Les réseaux sociaux ont été le berceau de cette forme de protestation, contribuant grandement à sa prolifération, particulièrement Twitter où d’anciens posts peuvent refaire surface et condamner son auteur.
Chose que M. Moutei corrobore dans un commentaire en déclarant que "les réseaux sociaux en particulier, et le web en général, ont fait que cette culture de bannissement s’exerce comme une nouvelle forme de pouvoir qui a un impact direct sur les hommes politiques, les hommes d’affaires, les artistes, les universitaires, les chercheurs, les sportifs, ... Les exemples en sont nombreux".
Néanmoins, cette culture de bannissement déborde de plus en plus en dehors de son champ de bataille initial, c’est-à-dire des réseaux sociaux, et s’exprime aujourd’hui dans la vie réelle, puisque personne n'est à l’abri de la “Cancel Culture". Les célébrités, des individus lambda usant d’internet et personnalités politiques, tout le monde y passe !
Abondant dans le même sens, M. Moutei estime qu’"au-delà des réseaux sociaux, c'est l'ensemble des contenus publiés sur la toile qui sont à prendre en compte."
L’exemple le plus récent est l’insurrection au Capitole le 6 janvier dernier.
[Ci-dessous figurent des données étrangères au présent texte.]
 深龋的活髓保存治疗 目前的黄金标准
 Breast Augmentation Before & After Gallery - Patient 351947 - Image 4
L’incident est une conséquence de la cancel culture, puisque les assaillants ont voulu se rendre justice eux-mêmes en dehors du monde virtuel, entraînant ainsi l'exclusion de l’ex-président des États-Unis des réseaux sociaux pour non-respect de leurs conditions générales d'utilisation (CGU).
A cet égard, le professeur affirme que "cette culture de dénonciation qui se rencontre dans le monde physique et sur les médias sociaux, provoque un grand débat non seulement aux États-Unis mais également dans d’autres pays".
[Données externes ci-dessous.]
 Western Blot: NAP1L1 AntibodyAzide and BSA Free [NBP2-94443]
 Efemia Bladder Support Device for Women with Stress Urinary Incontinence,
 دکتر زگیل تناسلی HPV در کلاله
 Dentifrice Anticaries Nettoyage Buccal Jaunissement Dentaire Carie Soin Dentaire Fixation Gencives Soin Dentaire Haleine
"Si certains individus ou groupes sont jugés responsables d'actions ou de comportements perçus comme problématiques, avons-nous le droit de les dénoncer publiquement ? Ne s’agit-il pas d’une pratique annihilant tout débat public ?", s’interroge-t-il.
La culture de l'annulation tend à se transformer en une sorte de censure aux conséquences fâcheuses. En causant un bon nombre de dommages qui vont des démissions aux renvois, et des manifestations aux révoltes, elle pousse plusieurs intellectuels à s'inquiéter sur ses répercussions sur la liberté d’expression.
Face à tout l'engouement que suscite la “Cancel Culture”, force est de constater qu'on sous-estime le pouvoir des réseaux sociaux et la nécessité de relancer le débat sur leur cadre légal afin d'en dessiner les limites.